A lot of people I talk to think this year is harder than last. When I ask questions about why that is, a response I got recently seemed to sum it up: last year was all ‘space and grace’, and this year it’s like everything is supposed to be back to normal, but it’s not. What they are saying is that, last year, there was recognition that the circumstances were extraordinary, and modifications were made accordingly. But now, what, people have run out of patience? There’s some compelling need to go back to the way things were before, because that was really great? So, good time to re-up this article. Let’s be more strategic about what we are expecting educators to pay attention to right now, because they don’t have a lot of cognitive capacity in reserve. But let’s also take a hard look at what we think normal is, and be ready to re-invent that.
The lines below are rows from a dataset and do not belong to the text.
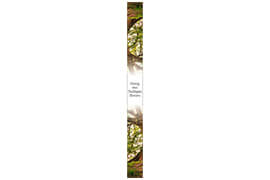 Siegelstreifen Lindenblüte natur 01 rechteckig lang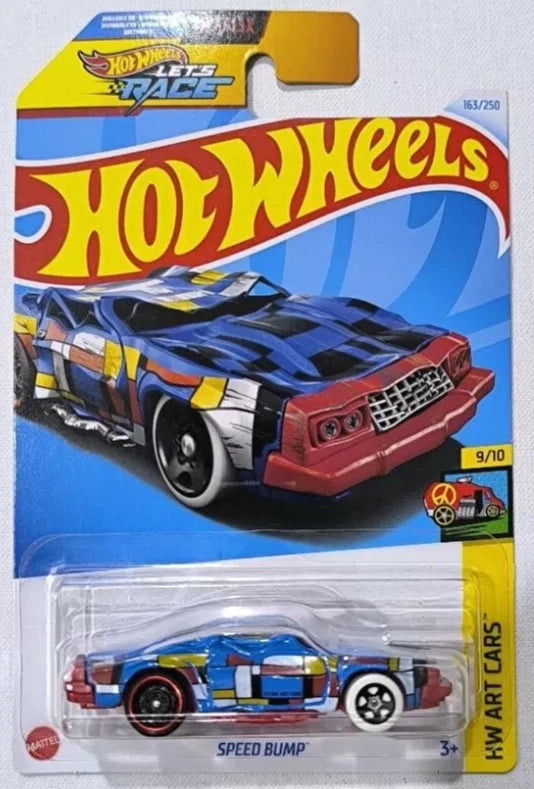 Hot Wheels 2024 #163/250 Speed Bump, blue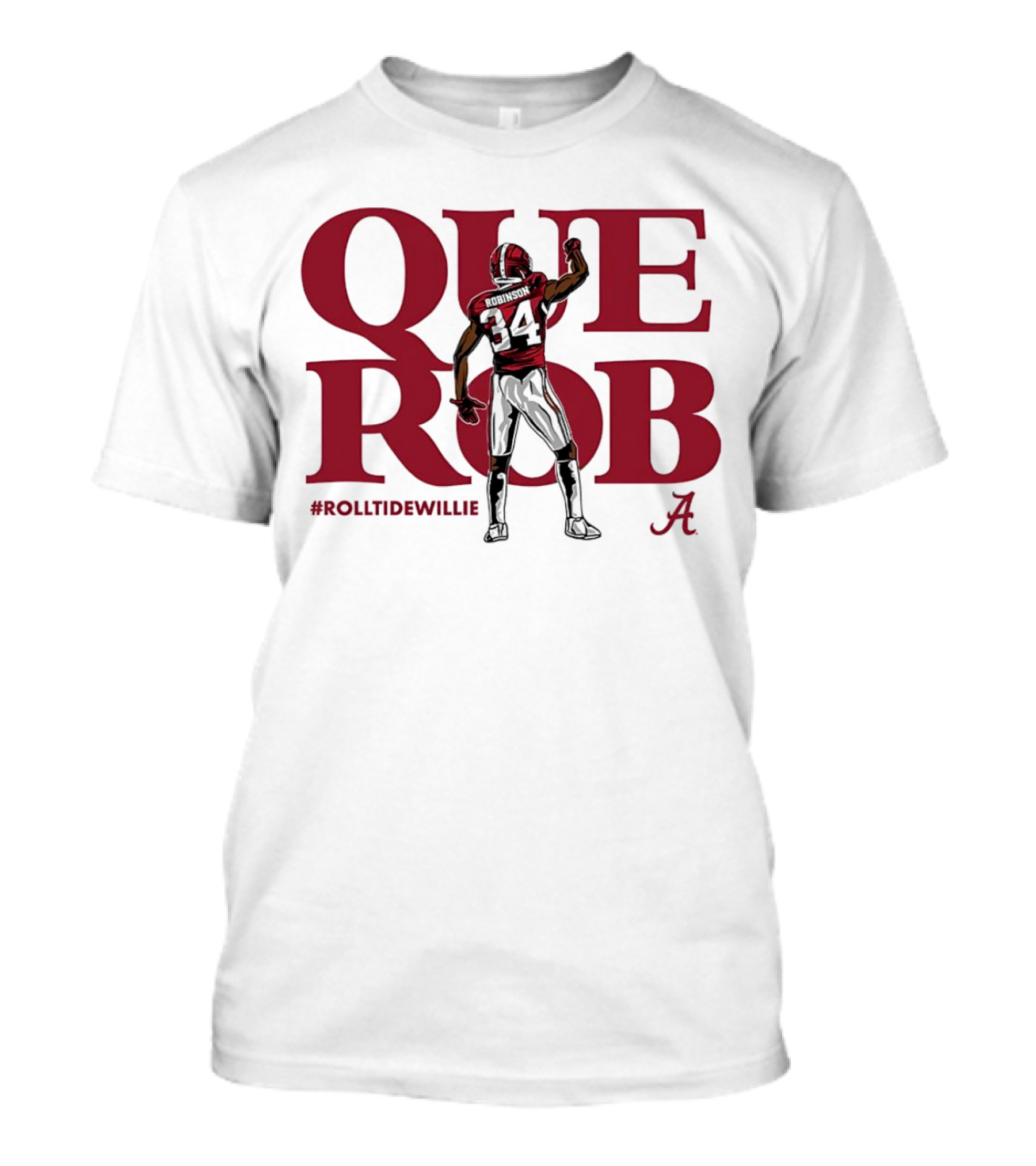 Querob Alabama Crimson Tide Football #RollTideWillie T-Shirt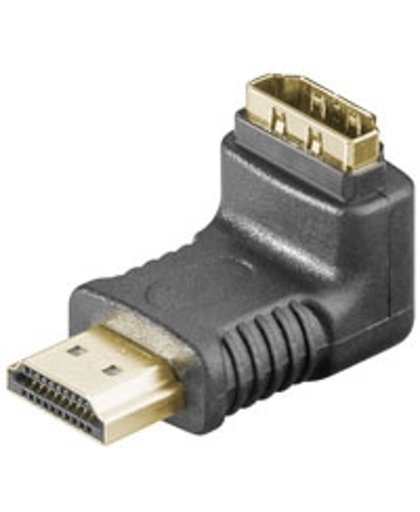 Goobay A 339 GA (HDMI 19pin F/HDMI 19pin M) HDMI 19pin HDMI 19pin Zwart kabeladapter/verloopstukje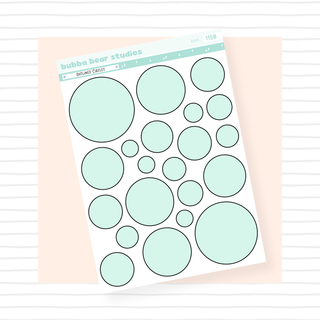 Outlined Circles Aqua Bubba Bear Studios Outlined Circles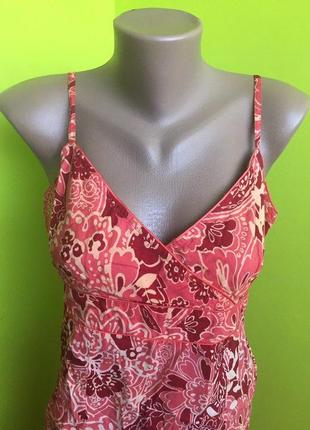 Сарафан летний на бретелях h&amp;m из хлопка / индия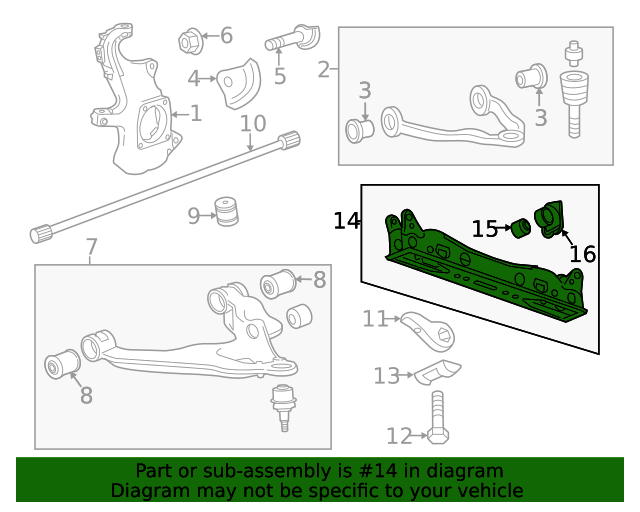 20202024 GM Torsion Bar Support 23509048 GM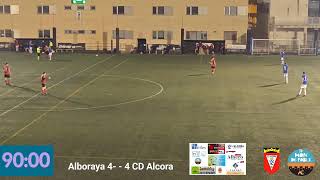 Alboraya UD  CD Alcora  segunda parte  jornada 17 lliga comunitat [upl. by Simona711]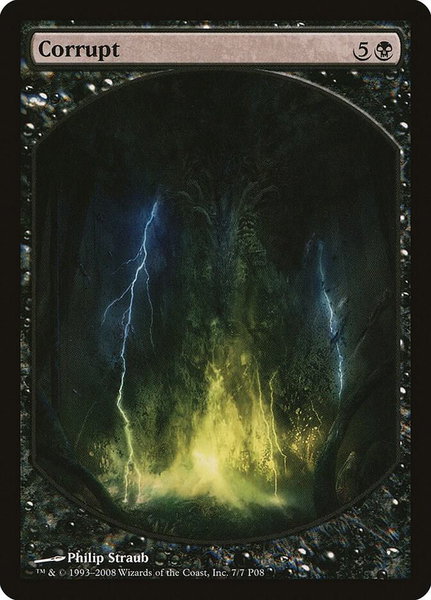 Corrupt trading card from Magic Player Rewards Corrupt - Magic Player Rewards Magic: The Gathering trading card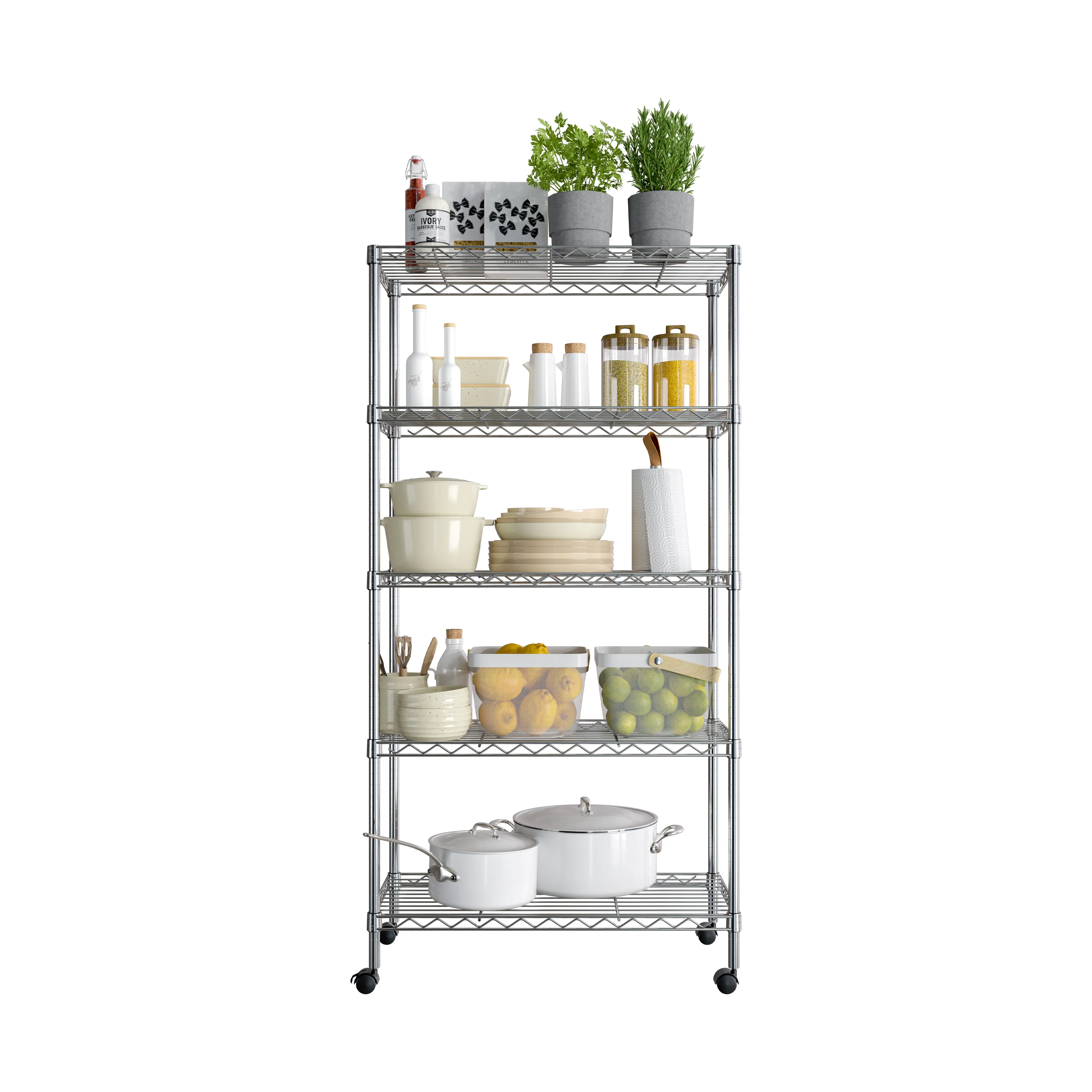 5-Tier Steel Shelving - Image 15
How School Leaders Create the Conditions for Effective Coaching. I wrote this one with Sarah Woulfin, who is a national leader in researching effective professional learning for coaches. And look, it even has the words creating conditions in the title. The argument here is that individual coaches are expected to do work as individual practitioners (such as explaining how to think about coaching, negotiating their role, and deciding what instructional practices to promote) that would be more efficiently accomplished at an organizational level, and that coaching would be better set up for success if leaders situated coaching within certain conditions, including but not limited to: establishing a strong model of high-quality instruction, establishing a strong model of coaching, building capacity for coaching (which includes providing professional development to the clients and building and district leaders as well as to the coaches themselves); and creating systems and structures to support coaching.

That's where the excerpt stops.